In my next letter, a month later, I gave the following account of an interesting episode:

"I must now tell you of the addition to my household of an orphan baby, a curious little half-nigger baby, which I have nursed now more than a month. I will tell you presently how I came to get it, but must first relate my inventive

skill as a nurse. The little innocent was not weaned, and I had nothing proper to feed it with, so was obliged to give it rice-water. I got a large-mouthed bottle, making two holes in the cork, through one of which I inserted a large quill so that the baby could suck. I fitted up a box for a cradle with a mat for it to lie upon, which I had washed and changed every day. I feed it four times a day, and wash it and brush its hair every day, which it likes very much, only crying when it is hungry or dirty. In about a week I gave it the rice-water a little thicker, and always sweetened it to make it nice. I am afraid you would call it an ugly baby, for it has a dark brown skin and red hair, a very large mouth, but very pretty little hands and feet. It has now cut its two lower front teeth, and the uppers are coming. At first it would not sleep alone at night, but cried very much; so I made it a pillow of an old stocking, which it likes to hug, and now sleeps very soundly. It has powerful lungs, and sometimes screams tremendously, so I hope it will live.

"But I must now tell you how I came to take charge of it. Don't be alarmed; I was the cause of its mother's death. It happened as follows:-I was out shooting in the jungle and saw something up a tree which I thought was a large monkey or orang-utan, so I fired at it, and down fell this little baby-in its mother's arms. What she did up in the tree of course I can't imagine, but as she ran about the branches quite easily, I presume she was a wild 'woman of the woods;' so I have preserved her skin and skeleton, and am trying to bring up her only daughter, and hope some day to introduce her to fashionable society at the Zoological Gardens. When its poor mother fell mortally wounded, the baby was plunged head over ears in a swamp about the consistence of peasoup, and when I got it out looked very pitiful. It clung to me very hard when I carried it home, and having got its little hands unawares into my beard, it clutched so tight that I had great difficulty in extricating myself. Its mother, poor creature, had very long hair, and while she was running about the trees like a mad woman, the little baby had to hold fast to prevent itself from falling, which accounts for the

remarkable strength of its little fingers and toes, which catch hold of anything with the firmness of a vice. About a week ago I bought a little monkey with a long tail, and as the baby was very lonely while we were out in the daytime, I put the little monkey into the cradle to keep it warm. Perhaps you will say that this was not proper. 'How could you do such a thing?' But, I assure you, the baby likes it exceedingly, and they are excellent friends. When the monkey wants to run away, as he often does, the baby clutches him by the tail or ears and drags him back; and if the monkey does succeed in escaping, screams violently till he is brought back again. Of course, baby cannot walk yet, but I let it crawl about on the floor to exercise its limbs; but it is the most wonderful baby I ever saw, and has such strength in its arms that it will catch hold of my trousers as I sit at work, and hang under my legs for a quarter of an hour at a time without being the least tired, all the time trying to suck, thinking, no doubt, it has got hold of its poor dear mother. When it finds no milk is to be had, there comes another scream, and I have to put it back in its cradle and give it 'Toby'-the little monkey-to hug, which quiets it immediately. From this short account you will see that my baby is no common baby, and I can safely say, what so many have said before with much less truth, 'There never was such a baby as my baby,' and I am sure nobody ever had such a dear little duck of a darling of a little brown hairy baby before."

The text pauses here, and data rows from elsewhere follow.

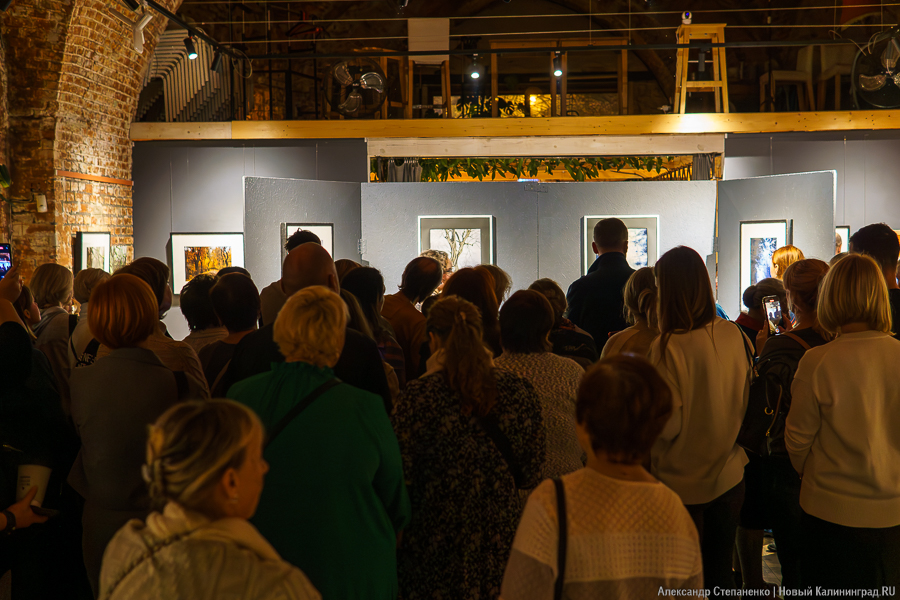 «О чем молчат деревья»: в Воротах открылась выставка, воспевающая придорожные аллеи (фото)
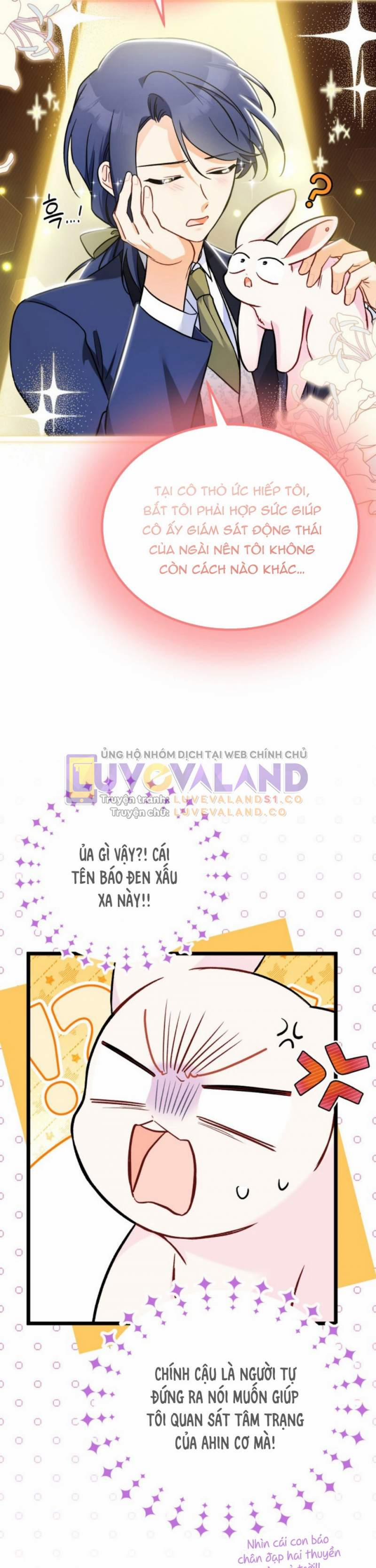 Mối Quan Hệ Cộng Sinh Giữa Báo Đen Và Thỏ Trắng 0 NT1 trang 30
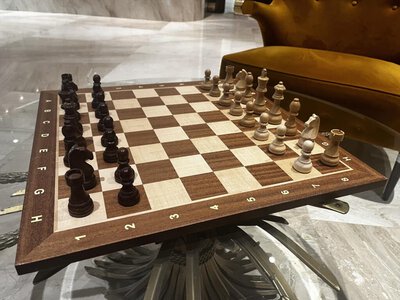 Қазақстан әйелдер құрамасы шахмат Олимпиадасының фавориттер қатарына енді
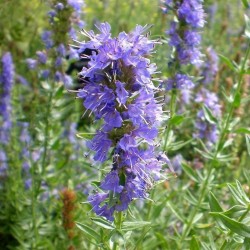 Hysope Officinale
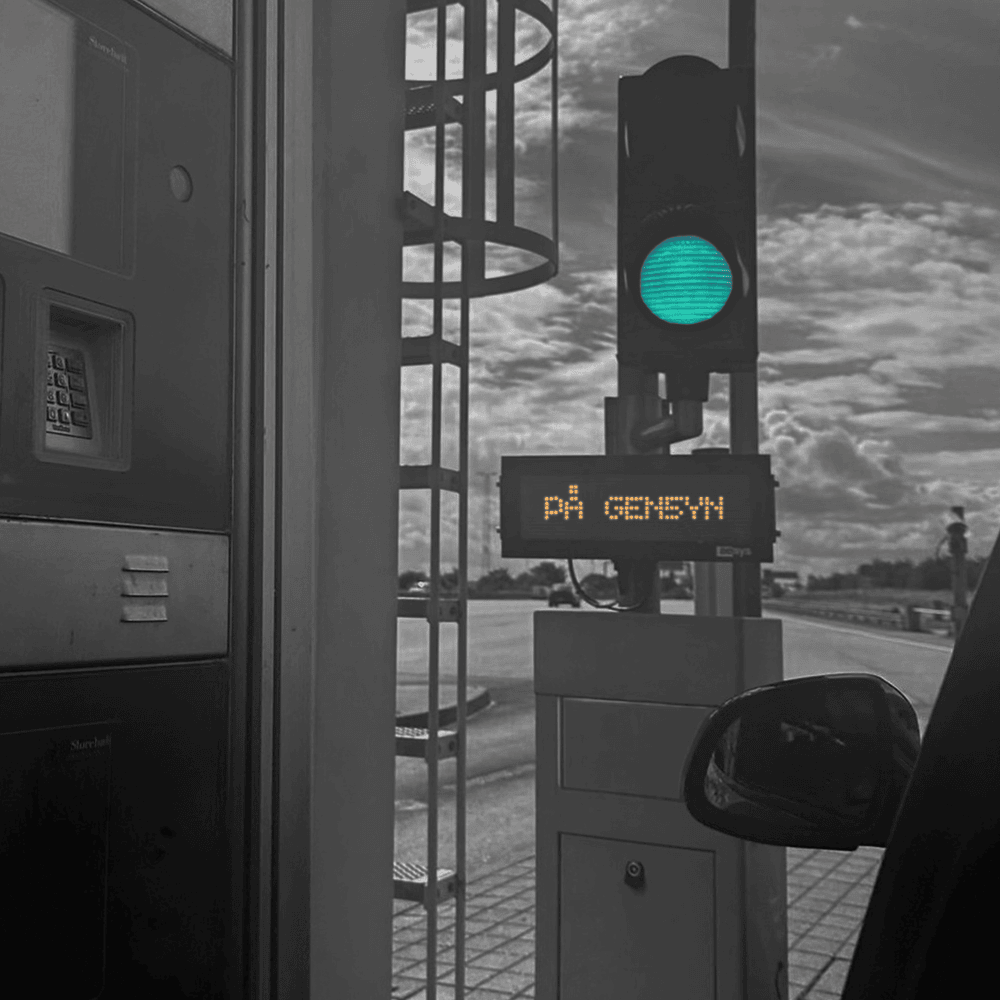 Cover image for PÅ GEN5YN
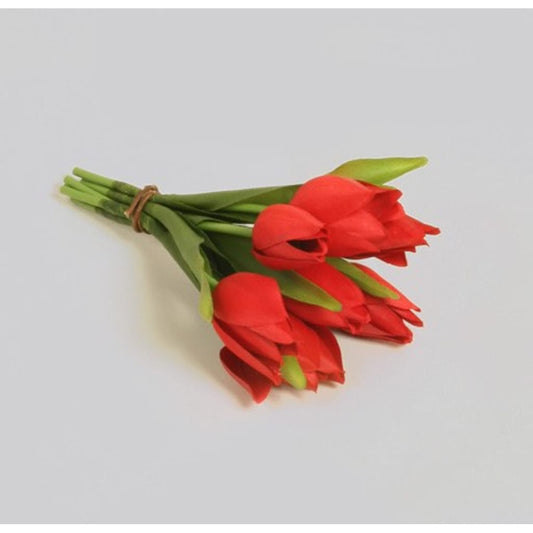 Tulipanbukett 20cm rød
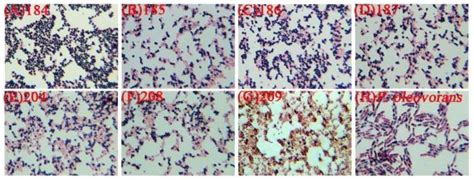 Sudan black B stain of PHB granules (black section) on C. taiwanensis... | Download Scientific ...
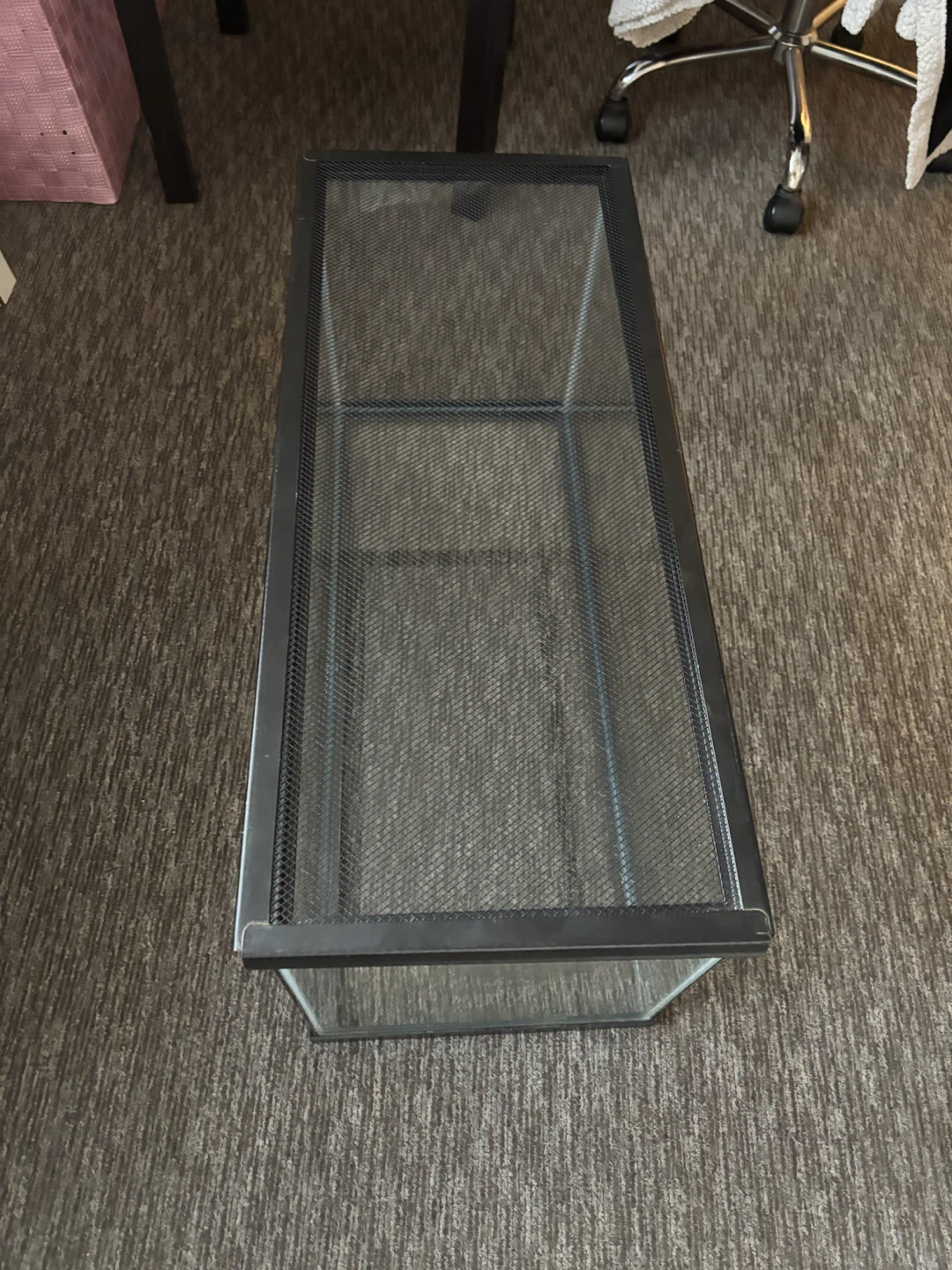 Glass Terrarium Tank with Mesh Lid - photo 4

In a letter dated Christmas Day, 1855, I gave my impressions of the Dyaks, and of Sir James Brooke, as follows:—

"I have now lived a month in a Dyak's house, and spent a day or two in several others, and I have been very much pleased with them. They are a very kind, simple, hospitable people, and I do not wonder at the great interest Sir James Brooke takes in them. They are more communicative and more cheerful than the American Indians, and it is therefore more agreeable to live with them. In moral character they are far superior to either the Malays or the Chinese, for though head-taking was long a custom among

them, it was only as a trophy of war. In their own villages crimes are very rare. Ever since Sir James Brooke has been rajah, more than twelve years, there has only been one case of murder in a Dyak tribe, and that was committed by a stranger who had been adopted into the tribe. One wet day I produced a piece of string to show them how to play 'cat's cradle,' and was quite astonished to find that they knew it much better than I did, and could make all sorts of new figures I had never seen. They were also very clever at tricks with string on their fingers, which seemed to be a favourite amusement. Many of the remoter tribes think the rajah cannot be a man. They ask all sorts of curious questions about him-Whether he is not as old as the mountains; whether he cannot bring the dead to life; and I have no doubt, for many years after his death, he will be held to be a deity and expected to come back again.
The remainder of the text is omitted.